The Boston Diaries

Tuesday, Debtember 01, 2009

A new version of the greylist daemon, in time for the holidays

Just in time for the Holiday Season I released a new version of my greylist daemon—it's the “Miscellaneous and Arbitrary Code Changes For the Christmas Holiday Season” version, although the code changes aren't quite that arbitrary. In fact, it's just a bunch of very small, somewhat arbitrary changes that don't really all fit into a single theme, unlike the previous versions.

So, if you are using it, you might want to check over the changes and see if you think it's time to upgrade.

Programs are buggy because error checking is tedious and error prone. Ironic, don't you think?

“There are no easy answers when it comes to reporting and handling errors.”
P. J. Plauger

I release a new version of the greylist daemon and what happens? Mark finds a bug.

Or rather, the new version didn't fix his current problem.

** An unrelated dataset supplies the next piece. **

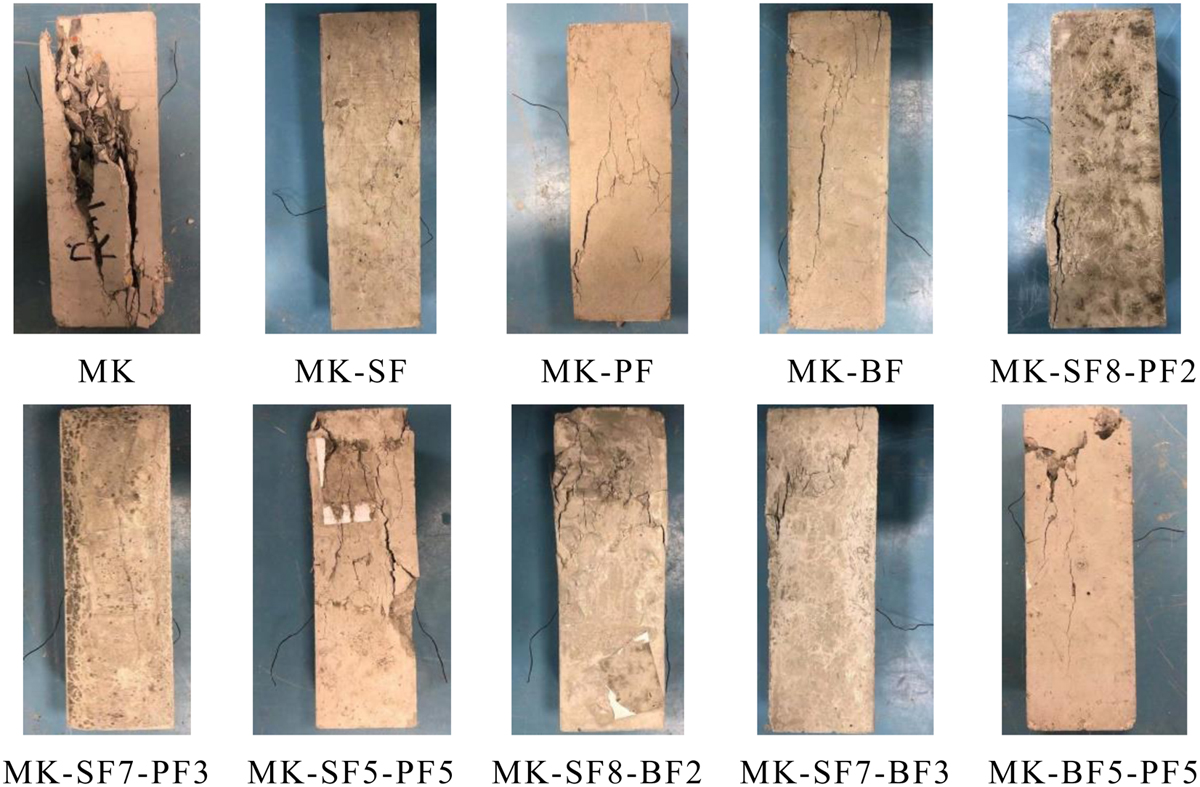 Fig. 11 Refer to the following caption and surrounding text.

I take a look into the issue and it's not terribly surprising that I botched handing a particular error.

Sigh.

Error handling was taught by osmosis at college. It was expected that we just magically pick up on handling errors but really, as long as the program didn't outright crash and produced something vaguely like the output, all was fine.

In fact, when I expressly asked one my instructors what to do when handling a particular thorny error, I was told, point blank: “if you don't know how to handle the error, then don't check for it.” The instructor, sadly, had a point—you could go mad from trying to handle every possible error condition.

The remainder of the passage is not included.